A few miles above the mouth of a tributary of James river was situated the town(g) of a "lustie and daring people" (independent of Powhatan) on a tract of land called Tshikĕhämĕn(h) (or, in the spelling of the period, Chicohomin, Chickahaman, Chickahamin), meaning 'scraped,' and implying a clearing. Smith, who was the first to visit this town (on the morning of November 10, 1607),  made its name known in the form of Chickahamania, a spelling in which the Latin toponymic suffix -ia was an addition of his own, just as was the same suffix in such Indian names as Tanxitania and Shakaconia. The various writers of the period changed Smith's expletive syllables to e, a, ie, and y, the latter of which prevailed.(i) Thus originated the name Chickahominy, a word which, like rockahominy and monohominy, has preserved its root and taken on a paragogic syllable, while hominy, with its expletive syllable, is simply the corrupted suffix of a verb which has suffered the apheresis of its root (seku, 'to crush').

(a) " . . . a sharpe point, which is parte of Winauk: "— Archer.
(b) "The analysis of a geographical name must be sought in the language spoken by the name-givers." — Trumbull in Coll. Conn. Hist. Soc., 11, p. 50.
(c) Algonquian Series, IX.
(d) Kitchik 'to be speckled,'spotted,' 'dappled.'
(e) This suffix has been spelled with all the short vowels of the alphabet : -män, măn, měn, mĭn, mûn.

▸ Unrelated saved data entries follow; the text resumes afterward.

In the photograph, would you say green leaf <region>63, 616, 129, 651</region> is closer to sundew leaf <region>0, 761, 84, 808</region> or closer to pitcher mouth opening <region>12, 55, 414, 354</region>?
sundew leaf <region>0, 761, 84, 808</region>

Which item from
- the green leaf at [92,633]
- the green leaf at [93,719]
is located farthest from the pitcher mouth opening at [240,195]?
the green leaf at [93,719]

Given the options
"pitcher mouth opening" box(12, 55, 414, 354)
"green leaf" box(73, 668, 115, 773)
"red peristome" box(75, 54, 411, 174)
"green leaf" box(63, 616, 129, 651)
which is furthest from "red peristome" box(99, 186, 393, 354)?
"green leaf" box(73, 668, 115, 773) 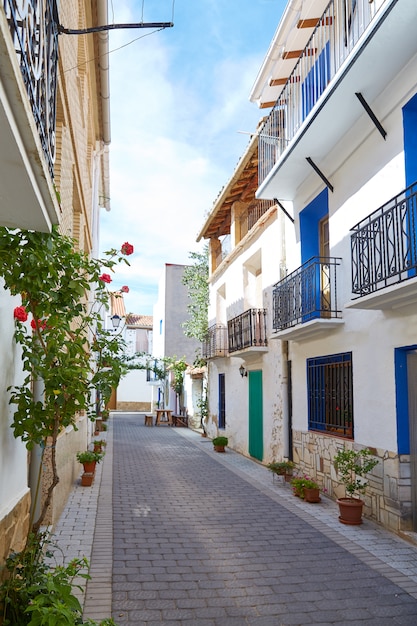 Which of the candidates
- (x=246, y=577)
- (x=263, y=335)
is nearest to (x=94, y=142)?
(x=263, y=335)

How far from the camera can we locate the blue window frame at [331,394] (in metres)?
8.46

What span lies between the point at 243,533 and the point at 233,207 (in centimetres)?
1126

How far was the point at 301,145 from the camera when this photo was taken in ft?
28.9

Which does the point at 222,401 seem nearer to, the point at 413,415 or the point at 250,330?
the point at 250,330

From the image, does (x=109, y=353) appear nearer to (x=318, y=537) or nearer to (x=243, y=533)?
(x=243, y=533)

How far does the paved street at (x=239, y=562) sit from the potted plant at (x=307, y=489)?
0.13 metres

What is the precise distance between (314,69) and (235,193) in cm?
679

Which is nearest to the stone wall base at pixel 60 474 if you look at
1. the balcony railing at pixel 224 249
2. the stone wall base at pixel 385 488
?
the stone wall base at pixel 385 488

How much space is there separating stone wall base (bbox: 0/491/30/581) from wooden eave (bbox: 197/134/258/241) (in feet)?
31.1

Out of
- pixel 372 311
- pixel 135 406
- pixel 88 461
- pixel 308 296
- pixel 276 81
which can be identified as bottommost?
pixel 135 406

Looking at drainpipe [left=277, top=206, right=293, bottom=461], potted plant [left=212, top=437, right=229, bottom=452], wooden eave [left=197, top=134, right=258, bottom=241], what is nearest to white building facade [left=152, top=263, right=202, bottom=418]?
wooden eave [left=197, top=134, right=258, bottom=241]

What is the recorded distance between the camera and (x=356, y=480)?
757cm

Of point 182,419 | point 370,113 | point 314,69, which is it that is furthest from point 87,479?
point 182,419

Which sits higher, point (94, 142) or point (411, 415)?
point (94, 142) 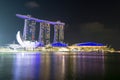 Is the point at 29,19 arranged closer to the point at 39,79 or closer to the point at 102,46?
the point at 102,46

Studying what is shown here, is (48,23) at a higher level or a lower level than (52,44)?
higher

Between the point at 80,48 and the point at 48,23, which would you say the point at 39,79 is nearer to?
the point at 48,23

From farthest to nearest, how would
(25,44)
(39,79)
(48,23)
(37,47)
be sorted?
(48,23) < (37,47) < (25,44) < (39,79)

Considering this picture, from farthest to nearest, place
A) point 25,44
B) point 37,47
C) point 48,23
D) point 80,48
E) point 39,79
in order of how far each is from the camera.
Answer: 1. point 80,48
2. point 48,23
3. point 37,47
4. point 25,44
5. point 39,79

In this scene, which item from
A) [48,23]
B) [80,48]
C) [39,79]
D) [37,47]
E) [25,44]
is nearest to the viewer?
[39,79]

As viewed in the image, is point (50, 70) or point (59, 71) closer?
point (59, 71)

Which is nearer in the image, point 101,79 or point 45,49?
point 101,79

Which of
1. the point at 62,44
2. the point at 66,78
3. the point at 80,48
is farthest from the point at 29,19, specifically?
the point at 66,78

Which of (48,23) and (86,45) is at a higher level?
(48,23)

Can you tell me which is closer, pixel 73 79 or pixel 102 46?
pixel 73 79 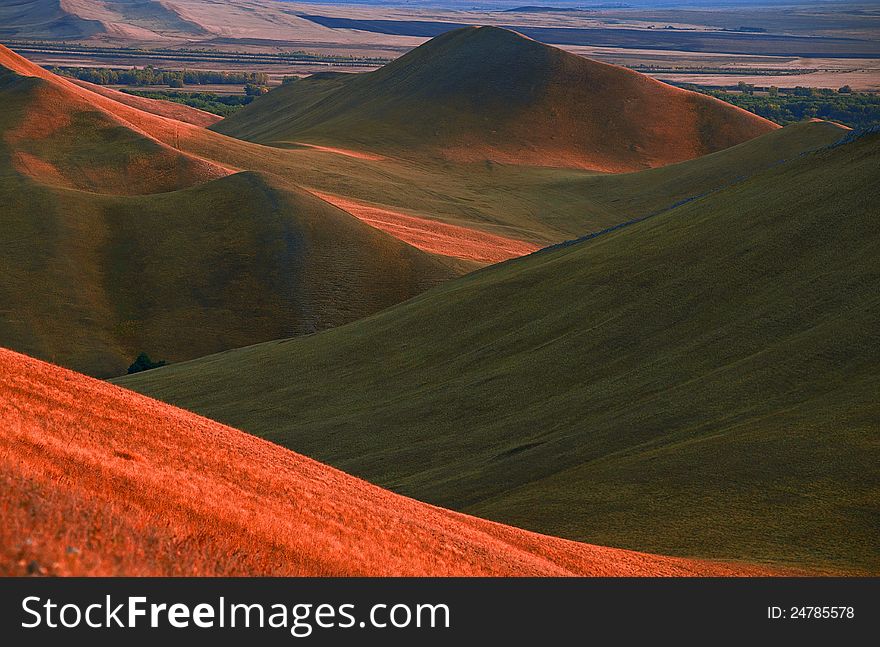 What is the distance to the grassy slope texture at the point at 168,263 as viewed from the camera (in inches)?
3516

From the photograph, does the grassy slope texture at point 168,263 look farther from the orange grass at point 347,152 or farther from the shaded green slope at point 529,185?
the orange grass at point 347,152

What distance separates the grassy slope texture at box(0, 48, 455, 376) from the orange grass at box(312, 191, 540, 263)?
9.75 meters

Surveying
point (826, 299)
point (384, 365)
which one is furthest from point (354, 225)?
point (826, 299)

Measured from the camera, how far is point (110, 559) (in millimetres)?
17125

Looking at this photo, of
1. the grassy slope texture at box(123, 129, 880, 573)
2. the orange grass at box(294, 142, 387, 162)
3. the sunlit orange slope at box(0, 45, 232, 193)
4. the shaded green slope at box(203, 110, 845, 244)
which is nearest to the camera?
the grassy slope texture at box(123, 129, 880, 573)

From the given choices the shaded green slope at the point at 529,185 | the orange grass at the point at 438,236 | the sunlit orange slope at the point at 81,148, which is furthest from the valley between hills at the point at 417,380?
the shaded green slope at the point at 529,185

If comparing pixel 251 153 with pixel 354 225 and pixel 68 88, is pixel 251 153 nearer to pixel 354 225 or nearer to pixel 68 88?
pixel 68 88

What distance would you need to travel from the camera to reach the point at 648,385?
47.5m

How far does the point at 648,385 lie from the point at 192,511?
29.8 meters

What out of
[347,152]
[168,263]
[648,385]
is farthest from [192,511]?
[347,152]

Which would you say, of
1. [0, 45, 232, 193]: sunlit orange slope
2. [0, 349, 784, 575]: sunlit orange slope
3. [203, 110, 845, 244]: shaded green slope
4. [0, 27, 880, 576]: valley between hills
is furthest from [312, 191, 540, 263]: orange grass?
[0, 349, 784, 575]: sunlit orange slope

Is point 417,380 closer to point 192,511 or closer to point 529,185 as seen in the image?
point 192,511

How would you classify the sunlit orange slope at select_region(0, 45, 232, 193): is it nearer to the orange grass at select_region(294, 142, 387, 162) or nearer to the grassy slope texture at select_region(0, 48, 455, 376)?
the grassy slope texture at select_region(0, 48, 455, 376)

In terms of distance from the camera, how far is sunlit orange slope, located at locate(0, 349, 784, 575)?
714 inches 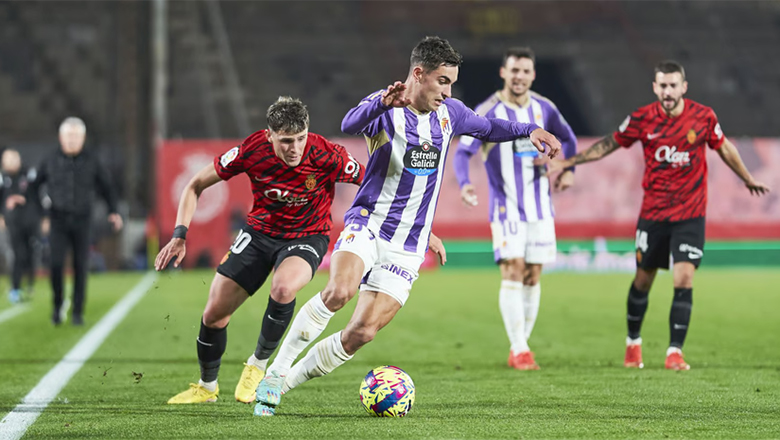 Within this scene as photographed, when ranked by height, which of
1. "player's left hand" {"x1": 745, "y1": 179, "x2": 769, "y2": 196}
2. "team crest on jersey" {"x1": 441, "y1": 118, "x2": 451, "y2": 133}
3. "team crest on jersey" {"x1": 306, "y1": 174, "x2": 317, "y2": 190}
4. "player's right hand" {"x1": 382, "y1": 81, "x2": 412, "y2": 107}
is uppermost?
"player's right hand" {"x1": 382, "y1": 81, "x2": 412, "y2": 107}

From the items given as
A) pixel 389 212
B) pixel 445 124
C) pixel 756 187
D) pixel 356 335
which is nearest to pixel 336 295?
pixel 356 335

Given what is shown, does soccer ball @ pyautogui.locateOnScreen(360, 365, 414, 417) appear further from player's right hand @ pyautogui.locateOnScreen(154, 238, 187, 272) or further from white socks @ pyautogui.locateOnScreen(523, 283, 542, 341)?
white socks @ pyautogui.locateOnScreen(523, 283, 542, 341)

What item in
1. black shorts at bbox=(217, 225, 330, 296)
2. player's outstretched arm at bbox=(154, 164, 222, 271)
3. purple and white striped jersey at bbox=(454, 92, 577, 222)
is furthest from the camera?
purple and white striped jersey at bbox=(454, 92, 577, 222)

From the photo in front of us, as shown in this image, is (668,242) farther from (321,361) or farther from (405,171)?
(321,361)

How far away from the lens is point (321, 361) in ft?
18.0

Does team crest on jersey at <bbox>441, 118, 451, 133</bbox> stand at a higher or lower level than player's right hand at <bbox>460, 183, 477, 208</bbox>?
higher

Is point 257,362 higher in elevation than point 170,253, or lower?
lower

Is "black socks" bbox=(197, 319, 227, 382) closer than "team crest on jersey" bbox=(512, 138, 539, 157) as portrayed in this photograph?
Yes

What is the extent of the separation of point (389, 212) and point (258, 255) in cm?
72

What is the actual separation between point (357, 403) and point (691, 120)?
3.21m

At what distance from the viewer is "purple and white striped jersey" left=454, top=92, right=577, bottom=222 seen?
7910mm

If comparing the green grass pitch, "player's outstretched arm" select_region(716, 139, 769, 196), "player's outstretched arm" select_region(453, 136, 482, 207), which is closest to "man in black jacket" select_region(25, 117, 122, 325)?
the green grass pitch

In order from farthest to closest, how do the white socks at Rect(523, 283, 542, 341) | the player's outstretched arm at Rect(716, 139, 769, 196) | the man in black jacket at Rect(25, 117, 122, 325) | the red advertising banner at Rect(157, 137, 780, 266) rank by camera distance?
the red advertising banner at Rect(157, 137, 780, 266), the man in black jacket at Rect(25, 117, 122, 325), the white socks at Rect(523, 283, 542, 341), the player's outstretched arm at Rect(716, 139, 769, 196)

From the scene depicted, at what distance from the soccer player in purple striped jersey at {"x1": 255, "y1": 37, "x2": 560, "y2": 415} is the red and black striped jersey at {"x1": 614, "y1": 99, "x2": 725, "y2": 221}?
198 cm
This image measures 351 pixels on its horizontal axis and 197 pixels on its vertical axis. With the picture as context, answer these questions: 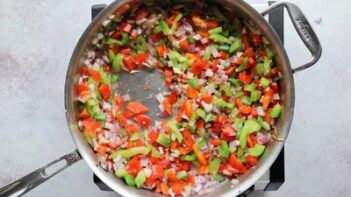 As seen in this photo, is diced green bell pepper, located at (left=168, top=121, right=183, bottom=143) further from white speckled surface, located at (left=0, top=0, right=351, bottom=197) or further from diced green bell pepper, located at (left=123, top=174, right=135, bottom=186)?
white speckled surface, located at (left=0, top=0, right=351, bottom=197)

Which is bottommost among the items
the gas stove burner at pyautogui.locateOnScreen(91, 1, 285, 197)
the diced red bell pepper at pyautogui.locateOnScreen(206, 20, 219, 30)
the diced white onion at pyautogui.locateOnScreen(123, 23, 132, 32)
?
the gas stove burner at pyautogui.locateOnScreen(91, 1, 285, 197)

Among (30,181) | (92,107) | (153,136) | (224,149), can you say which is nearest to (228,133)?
(224,149)

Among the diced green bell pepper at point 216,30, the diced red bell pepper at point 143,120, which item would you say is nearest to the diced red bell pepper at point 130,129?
the diced red bell pepper at point 143,120

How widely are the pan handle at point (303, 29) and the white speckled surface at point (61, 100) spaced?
0.63 feet

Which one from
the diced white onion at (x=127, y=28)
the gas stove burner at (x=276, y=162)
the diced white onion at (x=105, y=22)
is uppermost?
the diced white onion at (x=105, y=22)

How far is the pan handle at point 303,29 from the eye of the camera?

(f) For example: Natick, ûsowitämûn, 'he names it,' ûsowitämûn (pass, adj.) 'named'; wûsûkhûmûn, 'he writes it, 'wûsûkhûmûn (pass, adj.) 'written.'
(g) The exact location of this town, which must have been of some importance, is notknown, since it does not appear on Smith's map; but we know from the True Relation that it was situated between the mouth of the river and the town of Manascosick, which lay at a point 10 or 12 miles upstream.
(h) The verb is found in every Algonquian dialect from Maine to Virginia. It is from the root tshik (1) 'to scrape'; (2) 'to sweep.'
(i) The practice of adding a syllable to the suffix of passive adjectives of this class was not confined to the people of the South, for we find an example of it in the North. The Lenape Indians of New Jersey called the thin-shelled nut of the shag-bark hickory ( Carya
) sĕkuskandämĕn meaning 'crushed with the teeth.' Among the many corruptions which this word underwent in the vicinity of New York City was that of cuskatominy.